### [Your task]
What is needed here is an exact copy of every record below.

[Source data]
───

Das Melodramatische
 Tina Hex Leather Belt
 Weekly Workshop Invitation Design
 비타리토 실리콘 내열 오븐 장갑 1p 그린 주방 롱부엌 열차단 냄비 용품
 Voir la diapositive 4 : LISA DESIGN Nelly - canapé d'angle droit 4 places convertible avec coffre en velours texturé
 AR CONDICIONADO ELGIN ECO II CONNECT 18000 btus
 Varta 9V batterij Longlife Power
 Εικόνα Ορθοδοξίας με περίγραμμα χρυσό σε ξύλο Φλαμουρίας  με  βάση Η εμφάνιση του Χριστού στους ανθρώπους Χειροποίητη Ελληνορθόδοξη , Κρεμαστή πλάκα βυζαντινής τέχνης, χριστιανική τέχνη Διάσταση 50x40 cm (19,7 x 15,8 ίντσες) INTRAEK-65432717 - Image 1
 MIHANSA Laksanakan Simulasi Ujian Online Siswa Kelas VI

───

### [Your response]
Das Melodramatische
 Tina Hex Leather Belt
 Weekly Workshop Invitation Design
 비타리토 실리콘 내열 오븐 장갑 1p 그린 주방 롱부엌 열차단 냄비 용품
 Voir la diapositive 4 : LISA DESIGN Nelly - canapé d'angle droit 4 places convertible avec coffre en velours texturé
 AR CONDICIONADO ELGIN ECO II CONNECT 18000 btus
 Varta 9V batterij Longlife Power
 Εικόνα Ορθοδοξίας με περίγραμμα χρυσό σε ξύλο Φλαμουρίας  με  βάση Η εμφάνιση του Χριστού στους ανθρώπους Χειροποίητη Ελληνορθόδοξη , Κρεμαστή πλάκα βυζαντινής τέχνης, χριστιανική τέχνη Διάσταση 50x40 cm (19,7 x 15,8 ίντσες) INTRAEK-65432717 - Image 1
 MIHANSA Laksanakan Simulasi Ujian Online Siswa Kelas VI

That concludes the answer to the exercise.